§ Exercise aim
Lines from the one with "Toyota mantiene el dominio en Silverstone" up to and including the one with "Vatican: Manual cu" are to be copied exactly from the records below, without their pictures.

§ Records to process
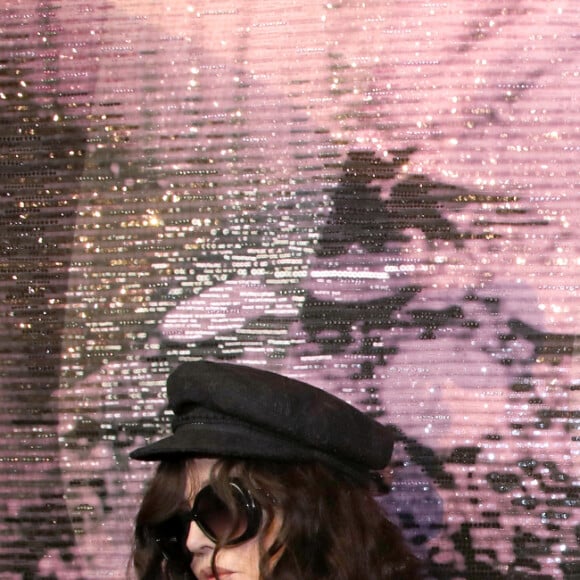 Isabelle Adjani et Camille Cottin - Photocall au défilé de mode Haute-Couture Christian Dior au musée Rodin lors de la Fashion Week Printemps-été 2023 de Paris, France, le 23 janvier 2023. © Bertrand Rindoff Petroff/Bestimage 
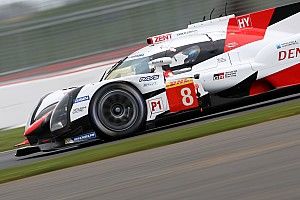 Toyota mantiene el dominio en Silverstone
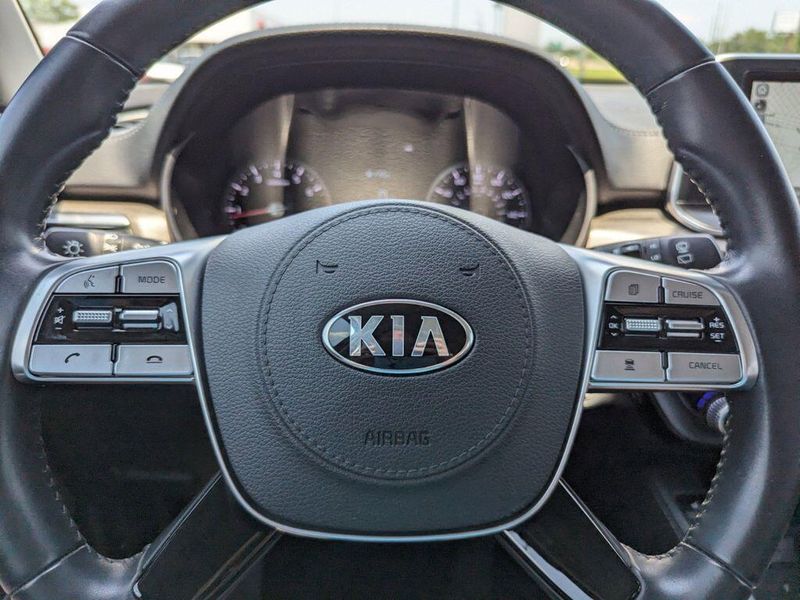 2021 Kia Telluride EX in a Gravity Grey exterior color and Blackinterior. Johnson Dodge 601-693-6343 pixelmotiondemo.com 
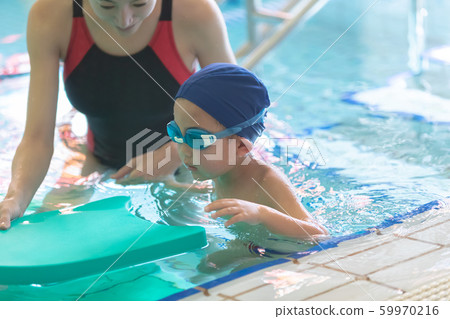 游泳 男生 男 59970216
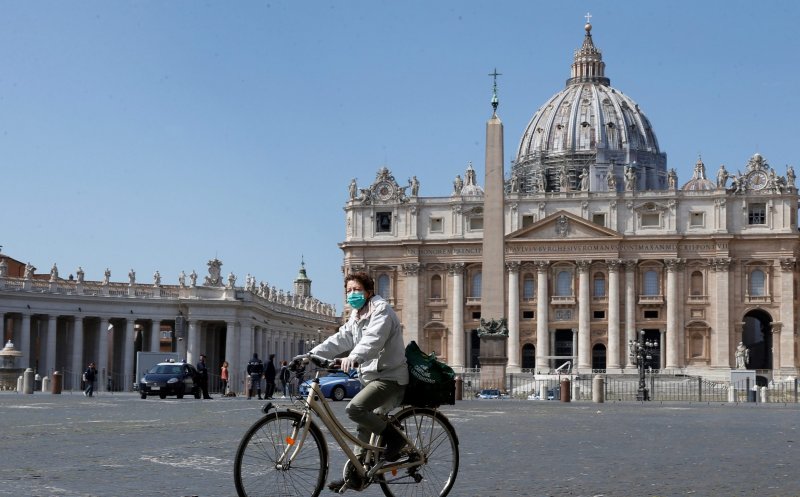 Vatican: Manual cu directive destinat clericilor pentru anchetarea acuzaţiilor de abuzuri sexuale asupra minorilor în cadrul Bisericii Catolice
==
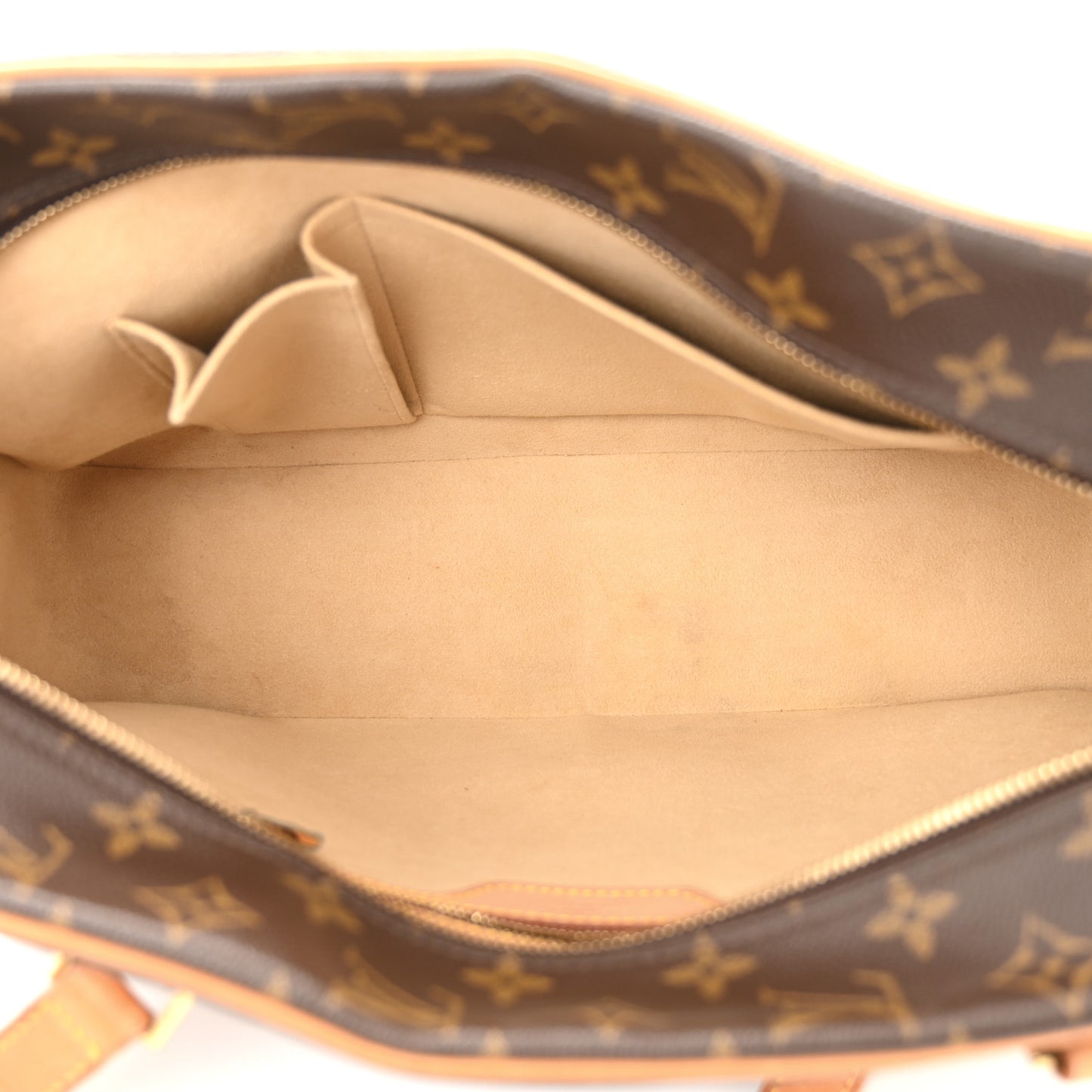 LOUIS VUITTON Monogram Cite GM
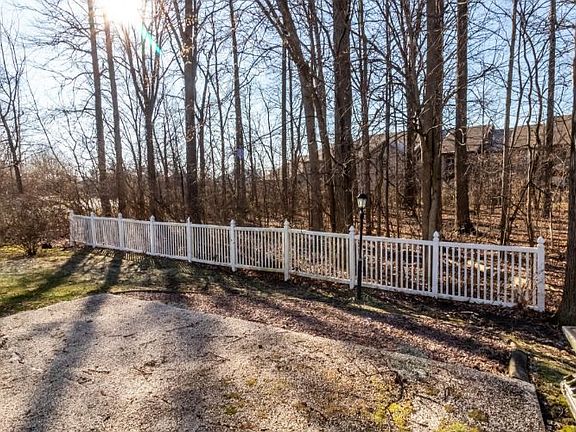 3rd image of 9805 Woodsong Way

§ Solution
 Toyota mantiene el dominio en Silverstone
 2021 Kia Telluride EX in a Gravity Grey exterior color and Blackinterior. Johnson Dodge 601-693-6343 pixelmotiondemo.com 
 游泳 男生 男 59970216
 Vatican: Manual cu directive destinat clericilor pentru anchetarea acuzaţiilor de abuzuri sexuale asupra minorilor în cadrul Bisericii Catolice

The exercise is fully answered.